*INSTRUCTIONS TO FOLLOW*.
Under this line are the records; write out word for word the part that begins at the line containing "Cocina de Piso" and ends at the line containing "Guardia Nacional Carreteras tweet media", and no more.

*AVAILABLE DATA*.
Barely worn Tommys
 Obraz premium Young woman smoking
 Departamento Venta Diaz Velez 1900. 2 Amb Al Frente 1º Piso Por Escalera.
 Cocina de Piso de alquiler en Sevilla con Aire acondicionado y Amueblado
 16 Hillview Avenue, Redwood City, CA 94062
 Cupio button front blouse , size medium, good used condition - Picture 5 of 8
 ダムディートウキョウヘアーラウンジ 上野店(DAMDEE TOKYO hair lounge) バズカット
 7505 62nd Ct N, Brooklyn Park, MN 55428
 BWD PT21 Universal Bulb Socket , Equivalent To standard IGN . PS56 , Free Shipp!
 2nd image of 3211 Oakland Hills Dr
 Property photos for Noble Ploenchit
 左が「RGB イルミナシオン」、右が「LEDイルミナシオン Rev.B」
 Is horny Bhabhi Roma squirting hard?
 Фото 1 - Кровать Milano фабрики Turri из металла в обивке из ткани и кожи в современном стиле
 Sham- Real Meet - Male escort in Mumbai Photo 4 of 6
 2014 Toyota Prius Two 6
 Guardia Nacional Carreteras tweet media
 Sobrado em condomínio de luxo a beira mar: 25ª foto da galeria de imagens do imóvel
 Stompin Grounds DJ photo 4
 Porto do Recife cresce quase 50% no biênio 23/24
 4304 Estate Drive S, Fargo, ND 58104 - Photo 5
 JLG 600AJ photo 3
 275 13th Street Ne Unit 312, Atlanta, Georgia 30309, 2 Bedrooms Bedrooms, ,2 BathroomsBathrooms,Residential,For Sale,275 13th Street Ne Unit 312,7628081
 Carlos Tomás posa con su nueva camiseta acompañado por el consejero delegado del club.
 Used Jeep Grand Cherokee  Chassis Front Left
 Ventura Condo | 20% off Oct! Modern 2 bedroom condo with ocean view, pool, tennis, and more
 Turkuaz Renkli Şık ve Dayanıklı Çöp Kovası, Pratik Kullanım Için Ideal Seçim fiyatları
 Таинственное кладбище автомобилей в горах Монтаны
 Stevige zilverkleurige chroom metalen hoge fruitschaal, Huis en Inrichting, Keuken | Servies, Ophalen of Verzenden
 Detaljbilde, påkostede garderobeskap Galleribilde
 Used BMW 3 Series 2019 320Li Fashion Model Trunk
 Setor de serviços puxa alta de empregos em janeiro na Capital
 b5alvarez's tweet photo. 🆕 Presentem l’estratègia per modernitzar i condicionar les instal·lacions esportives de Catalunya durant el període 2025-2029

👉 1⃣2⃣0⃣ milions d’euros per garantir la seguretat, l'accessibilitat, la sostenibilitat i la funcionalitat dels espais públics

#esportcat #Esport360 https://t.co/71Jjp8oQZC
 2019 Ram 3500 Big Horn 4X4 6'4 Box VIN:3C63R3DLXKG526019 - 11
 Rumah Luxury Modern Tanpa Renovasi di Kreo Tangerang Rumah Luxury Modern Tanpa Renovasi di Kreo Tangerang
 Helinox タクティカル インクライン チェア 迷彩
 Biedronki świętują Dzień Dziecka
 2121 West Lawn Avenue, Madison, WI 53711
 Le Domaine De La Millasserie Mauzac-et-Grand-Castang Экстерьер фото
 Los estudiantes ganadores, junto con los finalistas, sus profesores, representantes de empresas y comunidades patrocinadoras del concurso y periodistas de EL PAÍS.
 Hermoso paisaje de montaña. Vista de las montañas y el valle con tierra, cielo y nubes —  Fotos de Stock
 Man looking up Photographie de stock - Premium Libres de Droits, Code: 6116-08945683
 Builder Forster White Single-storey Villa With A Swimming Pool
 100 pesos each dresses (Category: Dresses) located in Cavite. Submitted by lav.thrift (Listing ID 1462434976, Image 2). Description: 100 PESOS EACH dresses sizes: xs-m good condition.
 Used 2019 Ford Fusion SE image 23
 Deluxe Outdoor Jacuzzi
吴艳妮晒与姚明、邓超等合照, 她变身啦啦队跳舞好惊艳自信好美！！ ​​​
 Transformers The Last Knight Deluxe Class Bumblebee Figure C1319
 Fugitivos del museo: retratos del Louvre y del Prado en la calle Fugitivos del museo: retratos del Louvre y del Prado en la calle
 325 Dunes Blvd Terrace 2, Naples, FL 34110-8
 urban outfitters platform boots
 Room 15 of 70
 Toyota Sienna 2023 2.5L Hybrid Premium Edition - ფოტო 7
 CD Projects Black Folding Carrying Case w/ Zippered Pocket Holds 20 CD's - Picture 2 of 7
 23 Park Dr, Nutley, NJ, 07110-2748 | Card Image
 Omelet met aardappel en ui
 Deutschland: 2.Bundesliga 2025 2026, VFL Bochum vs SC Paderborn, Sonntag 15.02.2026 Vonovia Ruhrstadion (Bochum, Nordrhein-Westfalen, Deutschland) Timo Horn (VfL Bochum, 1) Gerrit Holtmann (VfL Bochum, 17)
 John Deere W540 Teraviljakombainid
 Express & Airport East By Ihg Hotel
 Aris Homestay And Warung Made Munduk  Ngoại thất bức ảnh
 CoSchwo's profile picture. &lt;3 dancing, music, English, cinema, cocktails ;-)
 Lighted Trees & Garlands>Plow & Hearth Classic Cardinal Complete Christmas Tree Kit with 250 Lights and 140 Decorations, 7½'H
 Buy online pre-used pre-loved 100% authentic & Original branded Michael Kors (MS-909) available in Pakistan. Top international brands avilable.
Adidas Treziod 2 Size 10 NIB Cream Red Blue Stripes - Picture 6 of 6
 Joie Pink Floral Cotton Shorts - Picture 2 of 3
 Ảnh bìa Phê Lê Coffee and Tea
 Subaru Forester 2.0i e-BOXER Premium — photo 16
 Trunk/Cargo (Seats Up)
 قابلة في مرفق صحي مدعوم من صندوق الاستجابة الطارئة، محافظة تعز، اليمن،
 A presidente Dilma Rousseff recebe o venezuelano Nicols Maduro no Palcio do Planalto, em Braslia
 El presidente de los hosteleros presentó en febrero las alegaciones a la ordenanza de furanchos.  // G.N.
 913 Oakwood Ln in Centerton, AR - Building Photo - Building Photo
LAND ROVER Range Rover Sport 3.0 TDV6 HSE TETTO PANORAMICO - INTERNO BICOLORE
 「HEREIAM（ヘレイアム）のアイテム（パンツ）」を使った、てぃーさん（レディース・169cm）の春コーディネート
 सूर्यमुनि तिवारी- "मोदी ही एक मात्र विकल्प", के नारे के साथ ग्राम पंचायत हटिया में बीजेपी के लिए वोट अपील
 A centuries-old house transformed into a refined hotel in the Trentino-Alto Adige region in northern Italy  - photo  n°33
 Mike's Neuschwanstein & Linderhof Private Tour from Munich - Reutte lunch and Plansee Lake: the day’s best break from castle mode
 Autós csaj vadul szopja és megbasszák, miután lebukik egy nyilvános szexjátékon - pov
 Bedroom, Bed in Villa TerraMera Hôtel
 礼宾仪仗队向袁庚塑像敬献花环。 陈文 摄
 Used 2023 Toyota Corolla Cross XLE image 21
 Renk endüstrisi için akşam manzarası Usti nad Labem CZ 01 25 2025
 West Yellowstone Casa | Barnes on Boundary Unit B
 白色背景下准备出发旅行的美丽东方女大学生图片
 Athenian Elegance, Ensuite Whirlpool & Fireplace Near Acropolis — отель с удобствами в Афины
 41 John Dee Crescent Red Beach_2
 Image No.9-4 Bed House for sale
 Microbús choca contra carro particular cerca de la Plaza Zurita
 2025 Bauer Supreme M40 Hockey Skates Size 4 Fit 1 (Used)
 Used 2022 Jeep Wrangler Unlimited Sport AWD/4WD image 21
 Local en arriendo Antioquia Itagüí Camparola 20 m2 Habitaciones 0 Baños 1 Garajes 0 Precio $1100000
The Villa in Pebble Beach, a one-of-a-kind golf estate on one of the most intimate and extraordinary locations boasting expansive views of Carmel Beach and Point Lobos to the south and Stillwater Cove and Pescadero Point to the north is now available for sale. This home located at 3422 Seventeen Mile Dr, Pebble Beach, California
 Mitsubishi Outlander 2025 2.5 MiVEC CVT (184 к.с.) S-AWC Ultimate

*REPLY*.
 Cocina de Piso de alquiler en Sevilla con Aire acondicionado y Amueblado
 16 Hillview Avenue, Redwood City, CA 94062
 Cupio button front blouse , size medium, good used condition - Picture 5 of 8
 ダムディートウキョウヘアーラウンジ 上野店(DAMDEE TOKYO hair lounge) バズカット
 7505 62nd Ct N, Brooklyn Park, MN 55428
 BWD PT21 Universal Bulb Socket , Equivalent To standard IGN . PS56 , Free Shipp!
 2nd image of 3211 Oakland Hills Dr
 Property photos for Noble Ploenchit
 左が「RGB イルミナシオン」、右が「LEDイルミナシオン Rev.B」
 Is horny Bhabhi Roma squirting hard?
 Фото 1 - Кровать Milano фабрики Turri из металла в обивке из ткани и кожи в современном стиле
 Sham- Real Meet - Male escort in Mumbai Photo 4 of 6
 2014 Toyota Prius Two 6
 Guardia Nacional Carreteras tweet media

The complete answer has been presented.